ACTIVITY » Could you copy exactly the lines below from the one with "Ручка-профиль накладная l.596мм, отделка" to the one with "3 2011 дизель", inclusive, leaving out any pictures?

EXTRACTED MATERIAL »
=-=-=

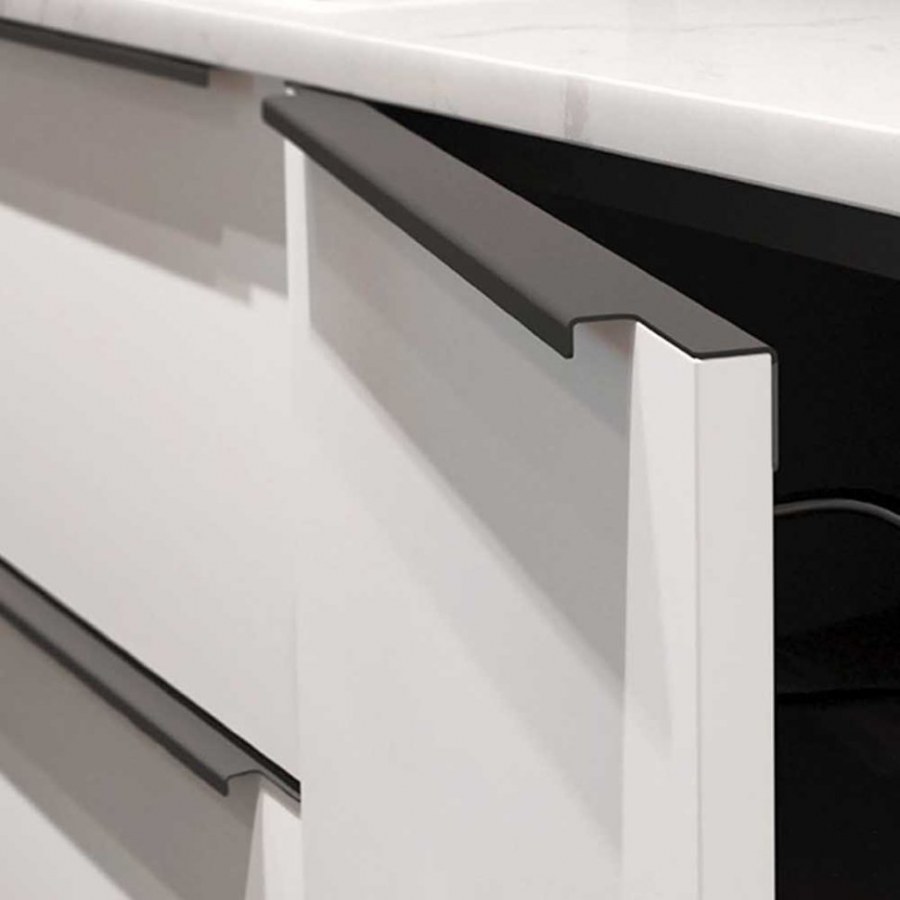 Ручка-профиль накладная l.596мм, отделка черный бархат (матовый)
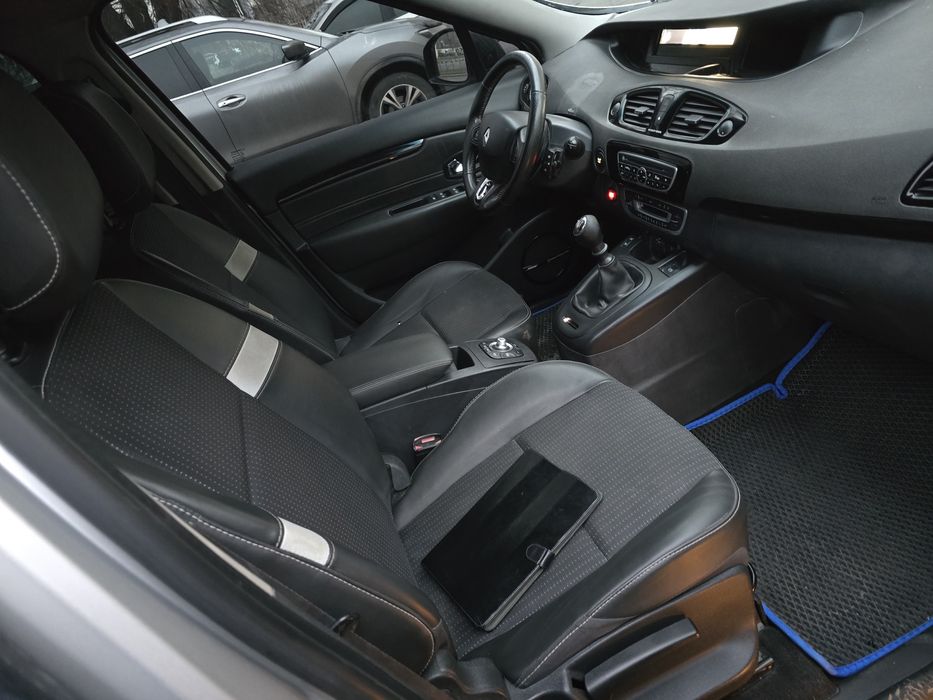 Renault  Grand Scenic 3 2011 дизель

=-=-=

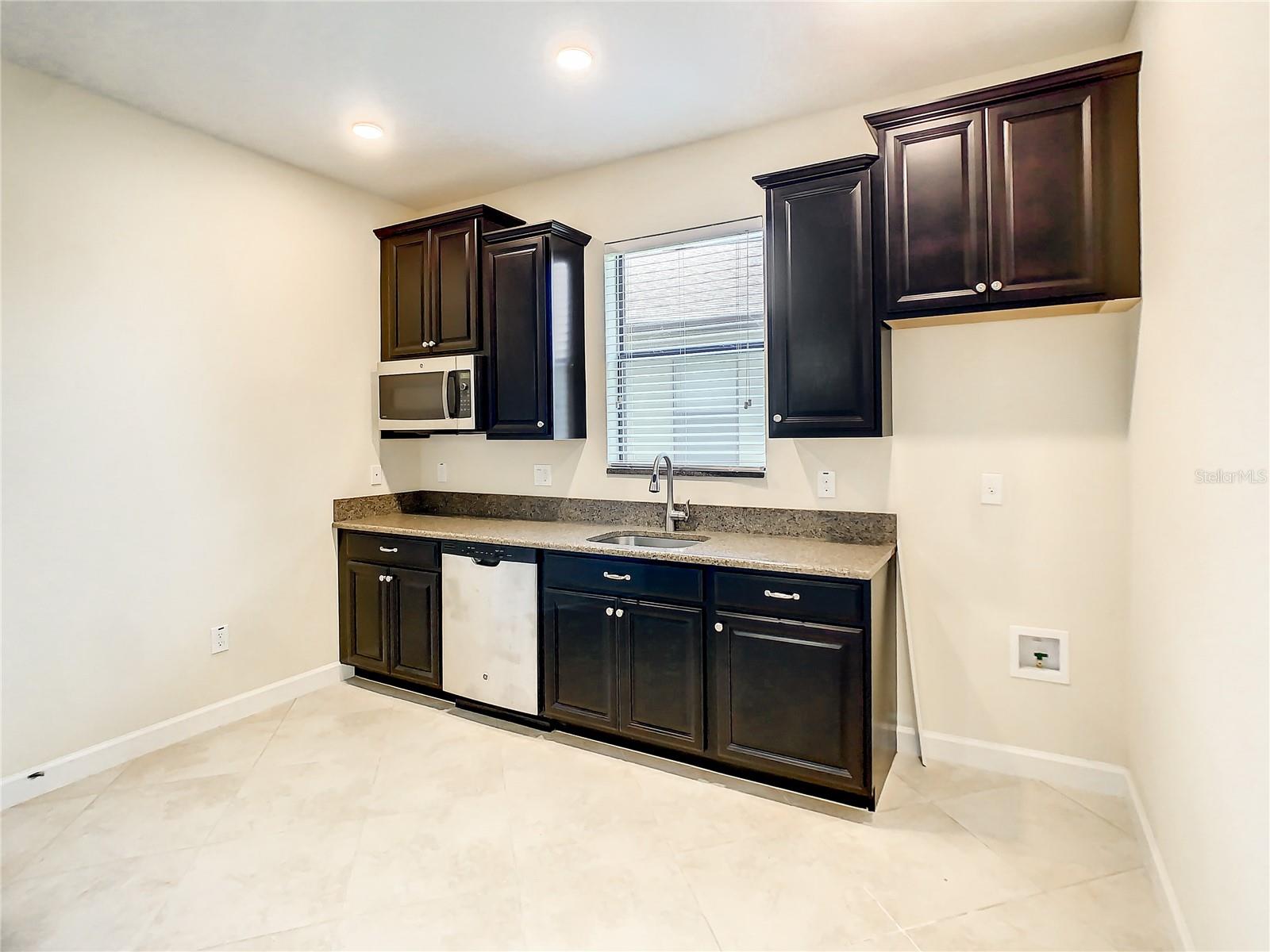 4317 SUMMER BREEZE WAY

=-=-=

YOUR SOLUTION »
 Ручка-профиль накладная l.596мм, отделка черный бархат (матовый)
 Renault  Grand Scenic 3 2011 дизель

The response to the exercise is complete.